- Spencer Platt/Getty Images
There’s a really weird trend happening at Donald Trump’s rallies.
The Republican nominee keeps asking supporters at his events a question – and the crowd reacts the same way each time.
At four recent events – two on Wednesday, one Thursday, and one Friday – Trump has asked attendees if anyone has ever smashed their phone with a hammer. It’s a reference to revelations from an FBI report that Democratic nominee Hillary Clinton’s staff destroyed 13 of her phones, some with a hammer.
Each time Trump asks, a lone respondent in the crowd raises their hand.
During his Wednesday rally in Council Bluffs, Iowa, the real estate magnate asked if anyone in the crowd had either gone through 13 phones or destroyed them with a hammer. One hand was raised.

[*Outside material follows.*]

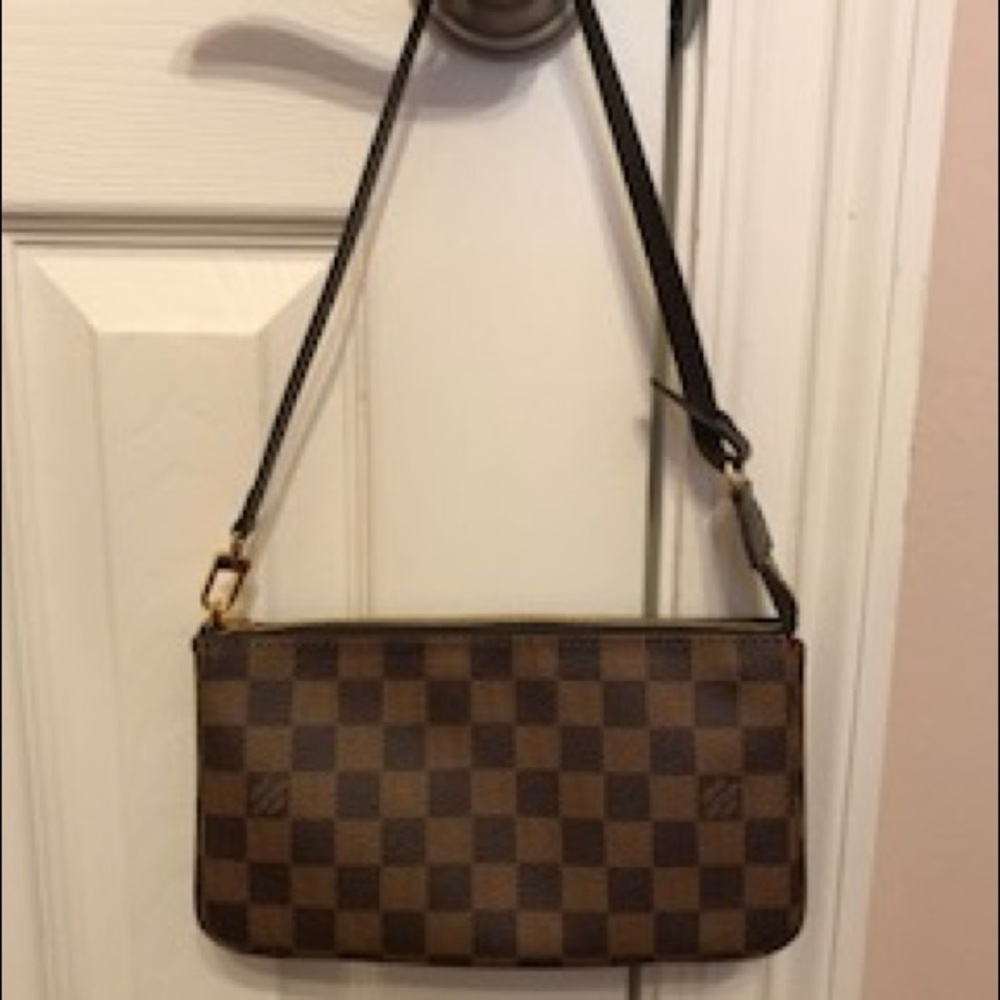 Louis Vuitton Pochette NM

“One hand,” Trump responded. “What business are you in? What’s your business? I think he was just a wise guy. But she destroyed a number of them with a hammer. How many people have destroyed an iPhone or a phone with a hammer? Anybody in the room? Ahh, a couple of hands go up. I don’t know if they’re kidding. I think they’re kidding, but who knows.”
Then, during a rally in Waukesha, Wisconsin, later that night, Trump asked again. And the same thing happened.

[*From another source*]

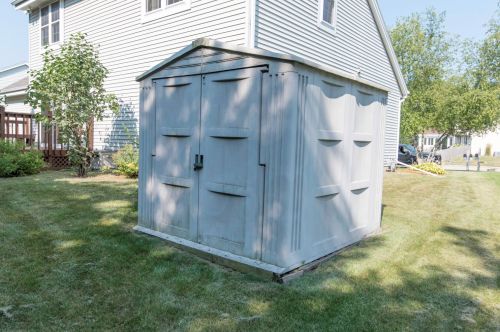 1912 Wexford Ln, Waukesha WI  53186-1252 exterior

“Does anybody in this room over the last how ever many years have 13 phones?” he posed to the crowd. “Okay, a number of them were hammered to death. Right? They were hammered. So let me ask you, has anybody, when you get rid of your phone, hammered it? Raise your hand.”
“One,” Trump pointed out. “Oh there’s one guy. What business are you in? What business? Get him out of here. I don’t want to be near him.”
Trump said that last bit in jest, but asked the question again at his Thursday rally in Bedford, New Hampshire. And it happened again.
“Thirteen phones missing, several destroyed with a hammer,” he said. “Who in this room has destroyed their phone with a hammer? Anybody?”
“Oh there’s one person,” he continued. “What business is that person in? I want to find out.”
On Friday, during an early-evening rally in Novi, Michigan, Trump asked the question yet again. And, again, the same response.
“One person,” Trump said, pointing to a member of the crowd as he scanned to see if anyone had raised their hand.
Trump has fostered an interactive atmosphere at events throughout his campaign. He often excites his large crowds with questions about who will pay for his proposed wall, for instance. When he was selecting a vice presidential running mate, Trump even went as far as to read the crowd his short list and ask who he should pick.